Pahami Aspek Pajak Pertambahan Nilai Atas Skema Penyerahan Barang Ex-Work
Muhammad Ridho,
Tuesday, 29 December 2020
Dalam perdagangan internasional dikenal beberapa terminologi penyerahan barang, yang salah satunya adalah Ex-Work. Istilah ini dimaknai sebagai penyerahan barang oleh penjual (eksportir) ke pembeli (importir) setelah proses produksi, dengan menyebutkan nama atau lokasi barang. Dalam hal ini penyerahan barang dilakukan di tempat penjual atau di dalam daerah pabean. Namun, semua biaya dan risiko yang berhubungan dengan pengangkutan dan pengiriman barang di tanggung oleh pembeli.

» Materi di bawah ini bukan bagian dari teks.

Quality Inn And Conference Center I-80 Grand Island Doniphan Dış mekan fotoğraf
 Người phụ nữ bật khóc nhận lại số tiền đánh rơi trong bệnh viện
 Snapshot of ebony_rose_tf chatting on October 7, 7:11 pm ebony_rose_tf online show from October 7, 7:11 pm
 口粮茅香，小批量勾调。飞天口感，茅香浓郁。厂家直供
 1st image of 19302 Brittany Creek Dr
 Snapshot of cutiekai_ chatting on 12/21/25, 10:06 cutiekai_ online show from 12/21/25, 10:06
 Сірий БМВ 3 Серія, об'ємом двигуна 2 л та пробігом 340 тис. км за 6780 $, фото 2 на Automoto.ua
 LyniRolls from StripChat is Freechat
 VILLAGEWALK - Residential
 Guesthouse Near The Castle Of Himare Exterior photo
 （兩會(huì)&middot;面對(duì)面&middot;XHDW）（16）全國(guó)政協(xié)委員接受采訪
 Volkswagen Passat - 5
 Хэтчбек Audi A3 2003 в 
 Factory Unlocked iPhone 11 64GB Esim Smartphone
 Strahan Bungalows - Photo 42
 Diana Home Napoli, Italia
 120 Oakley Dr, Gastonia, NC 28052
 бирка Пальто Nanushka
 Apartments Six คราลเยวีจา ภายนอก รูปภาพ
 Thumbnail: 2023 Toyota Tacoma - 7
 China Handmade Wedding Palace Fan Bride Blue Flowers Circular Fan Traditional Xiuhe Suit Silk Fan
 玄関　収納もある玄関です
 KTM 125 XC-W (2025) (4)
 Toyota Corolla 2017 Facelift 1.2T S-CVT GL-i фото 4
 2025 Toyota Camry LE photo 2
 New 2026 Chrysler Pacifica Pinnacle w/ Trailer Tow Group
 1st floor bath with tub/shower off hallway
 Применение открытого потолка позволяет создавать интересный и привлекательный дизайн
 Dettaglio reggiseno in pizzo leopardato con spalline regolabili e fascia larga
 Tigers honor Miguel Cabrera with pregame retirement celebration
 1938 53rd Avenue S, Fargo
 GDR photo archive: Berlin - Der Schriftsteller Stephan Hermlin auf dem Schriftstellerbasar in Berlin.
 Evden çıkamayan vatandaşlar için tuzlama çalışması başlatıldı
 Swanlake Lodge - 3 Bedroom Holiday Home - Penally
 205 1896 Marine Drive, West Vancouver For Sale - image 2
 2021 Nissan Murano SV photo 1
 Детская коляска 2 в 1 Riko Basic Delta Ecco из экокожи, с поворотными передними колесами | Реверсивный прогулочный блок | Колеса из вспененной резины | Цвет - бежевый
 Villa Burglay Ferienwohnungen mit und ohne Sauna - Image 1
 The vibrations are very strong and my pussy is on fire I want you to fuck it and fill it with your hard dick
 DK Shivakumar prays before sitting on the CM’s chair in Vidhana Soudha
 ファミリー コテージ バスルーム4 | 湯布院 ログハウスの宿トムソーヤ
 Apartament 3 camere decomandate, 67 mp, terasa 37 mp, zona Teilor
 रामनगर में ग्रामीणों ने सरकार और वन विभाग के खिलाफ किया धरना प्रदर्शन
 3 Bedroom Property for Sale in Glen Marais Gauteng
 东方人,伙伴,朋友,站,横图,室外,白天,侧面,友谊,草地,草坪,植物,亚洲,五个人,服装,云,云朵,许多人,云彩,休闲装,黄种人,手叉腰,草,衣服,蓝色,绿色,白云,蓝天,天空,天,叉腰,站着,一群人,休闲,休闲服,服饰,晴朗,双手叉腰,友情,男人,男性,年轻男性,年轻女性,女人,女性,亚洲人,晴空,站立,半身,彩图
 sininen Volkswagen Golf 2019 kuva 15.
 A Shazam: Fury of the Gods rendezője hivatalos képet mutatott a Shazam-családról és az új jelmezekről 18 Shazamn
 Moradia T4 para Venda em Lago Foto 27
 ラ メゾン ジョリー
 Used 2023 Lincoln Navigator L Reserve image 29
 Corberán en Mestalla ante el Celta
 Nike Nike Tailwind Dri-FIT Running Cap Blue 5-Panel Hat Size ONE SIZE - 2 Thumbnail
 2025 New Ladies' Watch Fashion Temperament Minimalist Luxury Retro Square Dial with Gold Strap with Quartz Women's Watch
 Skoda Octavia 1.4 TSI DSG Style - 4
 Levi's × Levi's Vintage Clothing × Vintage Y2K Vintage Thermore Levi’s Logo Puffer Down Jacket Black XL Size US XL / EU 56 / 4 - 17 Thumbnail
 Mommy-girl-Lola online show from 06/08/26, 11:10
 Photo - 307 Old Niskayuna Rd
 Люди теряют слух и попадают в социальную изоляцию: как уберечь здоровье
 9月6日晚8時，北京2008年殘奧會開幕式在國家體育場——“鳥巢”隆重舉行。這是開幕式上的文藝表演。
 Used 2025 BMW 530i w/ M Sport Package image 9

Dari sisi perpajakan, penyerahan barang menggunakan skema Ex-Work dikategorikan sebagai objek Pajak Pertambahan Nilai (PPN). Transaksi ini dianggap memenuhi syarat kumulatif penyerahan Barang Kena Pajak (BKP) yang terutang PPN, sebagaimana diatur dalam Surat Edaran Direktur Jenderal Pajak SE-130/PJ/2010.
Apabila penyerahan barang dengan skema Ex-work dilakukan di dalam daerah pabean, maka transaksi antara penjual dan pembeli—yang berada di dalam daerah pabean—menjadi terutang PPN. Namun, jika penyerahan barang dilakukan di luar daerah pabean, maka transaksi antara penjual dan pembeli yang berada di dalam daerah pabean tidak terutang PPN.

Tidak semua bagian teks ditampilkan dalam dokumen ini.